This patch therefore adds recording of freeing process stack trace to page
owner info, if both page_owner and debug_pagealloc are configured and enabled.
With only page_owner enabled, this info is not useful for the memory leak
debugging use case. dump_page() is adjusted to print the info.
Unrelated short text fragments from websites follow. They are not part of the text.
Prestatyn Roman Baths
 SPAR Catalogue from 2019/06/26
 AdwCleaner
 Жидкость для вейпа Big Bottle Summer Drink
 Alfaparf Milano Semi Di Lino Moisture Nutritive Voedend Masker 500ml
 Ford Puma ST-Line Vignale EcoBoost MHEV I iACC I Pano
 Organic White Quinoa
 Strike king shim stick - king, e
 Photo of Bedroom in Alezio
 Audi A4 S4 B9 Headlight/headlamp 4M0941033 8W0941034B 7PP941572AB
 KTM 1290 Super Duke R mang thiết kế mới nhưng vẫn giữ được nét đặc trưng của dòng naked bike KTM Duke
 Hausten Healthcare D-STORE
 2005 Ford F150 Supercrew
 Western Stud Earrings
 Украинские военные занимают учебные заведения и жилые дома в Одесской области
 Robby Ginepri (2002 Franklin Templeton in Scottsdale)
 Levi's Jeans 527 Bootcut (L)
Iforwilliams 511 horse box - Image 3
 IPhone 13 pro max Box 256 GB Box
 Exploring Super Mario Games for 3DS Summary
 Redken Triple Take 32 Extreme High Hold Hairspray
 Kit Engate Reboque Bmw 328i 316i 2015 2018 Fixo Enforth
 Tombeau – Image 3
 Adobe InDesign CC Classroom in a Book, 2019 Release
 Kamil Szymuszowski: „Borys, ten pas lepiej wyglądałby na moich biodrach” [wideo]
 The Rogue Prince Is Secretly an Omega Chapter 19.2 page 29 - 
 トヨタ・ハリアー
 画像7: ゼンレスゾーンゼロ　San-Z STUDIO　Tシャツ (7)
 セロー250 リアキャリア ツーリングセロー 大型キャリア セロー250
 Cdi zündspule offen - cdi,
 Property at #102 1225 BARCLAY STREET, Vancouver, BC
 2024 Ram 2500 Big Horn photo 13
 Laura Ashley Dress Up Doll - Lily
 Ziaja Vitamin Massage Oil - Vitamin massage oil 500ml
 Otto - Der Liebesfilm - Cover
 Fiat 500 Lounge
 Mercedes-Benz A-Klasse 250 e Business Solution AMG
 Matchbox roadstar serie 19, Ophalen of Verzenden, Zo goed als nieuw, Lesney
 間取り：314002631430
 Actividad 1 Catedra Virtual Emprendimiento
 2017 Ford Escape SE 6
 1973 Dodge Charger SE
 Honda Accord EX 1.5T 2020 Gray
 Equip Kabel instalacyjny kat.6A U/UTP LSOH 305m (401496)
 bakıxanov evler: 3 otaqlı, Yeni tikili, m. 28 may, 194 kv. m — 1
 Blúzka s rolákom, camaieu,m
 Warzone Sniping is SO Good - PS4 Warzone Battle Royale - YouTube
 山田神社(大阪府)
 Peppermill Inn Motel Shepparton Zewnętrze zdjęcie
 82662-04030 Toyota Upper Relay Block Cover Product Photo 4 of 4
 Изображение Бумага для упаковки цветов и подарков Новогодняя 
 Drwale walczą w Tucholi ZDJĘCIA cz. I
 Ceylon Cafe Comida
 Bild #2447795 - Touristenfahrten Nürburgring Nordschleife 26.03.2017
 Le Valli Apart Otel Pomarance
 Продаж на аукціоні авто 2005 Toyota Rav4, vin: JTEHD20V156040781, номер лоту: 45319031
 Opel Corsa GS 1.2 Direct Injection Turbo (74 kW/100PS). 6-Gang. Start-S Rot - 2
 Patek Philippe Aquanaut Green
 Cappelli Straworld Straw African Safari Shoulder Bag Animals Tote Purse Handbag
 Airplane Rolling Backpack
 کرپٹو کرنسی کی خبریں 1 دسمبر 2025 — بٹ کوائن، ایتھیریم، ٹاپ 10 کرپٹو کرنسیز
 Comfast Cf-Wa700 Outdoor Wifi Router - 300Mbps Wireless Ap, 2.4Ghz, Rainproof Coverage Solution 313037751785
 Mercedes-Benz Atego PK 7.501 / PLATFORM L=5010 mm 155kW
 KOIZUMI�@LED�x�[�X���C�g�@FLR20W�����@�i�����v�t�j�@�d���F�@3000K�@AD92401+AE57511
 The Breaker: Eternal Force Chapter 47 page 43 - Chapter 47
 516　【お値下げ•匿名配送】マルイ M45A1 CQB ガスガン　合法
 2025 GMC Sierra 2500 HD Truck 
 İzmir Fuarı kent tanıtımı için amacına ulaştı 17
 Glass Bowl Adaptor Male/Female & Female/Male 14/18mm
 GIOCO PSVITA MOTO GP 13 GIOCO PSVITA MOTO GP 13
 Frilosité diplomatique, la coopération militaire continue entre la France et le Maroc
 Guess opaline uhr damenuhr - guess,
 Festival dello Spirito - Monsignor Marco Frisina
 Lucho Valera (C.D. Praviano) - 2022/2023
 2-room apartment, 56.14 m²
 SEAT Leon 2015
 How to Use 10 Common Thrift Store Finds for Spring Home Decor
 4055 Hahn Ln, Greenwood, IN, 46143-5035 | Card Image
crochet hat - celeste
An example
result of calling __free_pages() twice may look like this (note the page last free
stack trace):

BUG: Bad page state in process bash  pfn:13d8f8
page:ffffc31984f63e00 refcount:-1 mapcount:0 mapping:0000000000000000 index:0x0
flags: 0x1affff800000000()
raw: 01affff800000000 dead000000000100 dead000000000122 0000000000000000
raw: 0000000000000000 0000000000000000 ffffffffffffffff 0000000000000000
page dumped because: nonzero _refcount
page_owner tracks the page as freed
page last allocated via order 0, migratetype Unmovable, gfp_mask 0xcc0(GFP_KERNEL)
 prep_new_page+0x143/0x150
 get_page_from_freelist+0x289/0x380
 __alloc_pages_nodemask+0x13c/0x2d0
 khugepaged+0x6e/0xc10
 kthread+0xf9/0x130
 ret_from_fork+0x3a/0x50
page last free stack trace:
 free_pcp_prepare+0x134/0x1e0
 free_unref_page+0x18/0x90
 khugepaged+0x7b/0xc10
 kthread+0xf9/0x130
 ret_from_fork+0x3a/0x50
Modules linked in:
CPU: 3 PID: 271 Comm: bash Not tainted 5.3.0-rc4-2.g07a1a73-default+ #57
Hardware name: QEMU Standard PC (i440FX + PIIX, 1996), BIOS rel-1.12.1-0-ga5cab58-prebuilt.qemu.org 04/01/2014
Call Trace:
 dump_stack+0x85/0xc0
 bad_page.cold+0xba/0xbf
 rmqueue_pcplist.isra.0+0x6c5/0x6d0
 rmqueue+0x2d/0x810
 get_page_from_freelist+0x191/0x380
 __alloc_pages_nodemask+0x13c/0x2d0
 __get_free_pages+0xd/0x30
 __pud_alloc+0x2c/0x110
 copy_page_range+0x4f9/0x630
 dup_mmap+0x362/0x480
 dup_mm+0x68/0x110
 copy_process+0x19e1/0x1b40
 _do_fork+0x73/0x310
 __x64_sys_clone+0x75/0x80
 do_syscall_64+0x6e/0x1e0
 entry_SYSCALL_64_after_hwframe+0x49/0xbe
RIP: 0033:0x7f10af854a10
...

Signed-off-by: Vlastimil Babka <vbabka@suse.cz>
---
 .../admin-guide/kernel-parameters.txt         |  2 +
 mm/Kconfig.debug                              |  4 +-
 mm/page_owner.c                               | 53 ++++++++++++++-----
 3 files changed, 45 insertions(+), 14 deletions(-)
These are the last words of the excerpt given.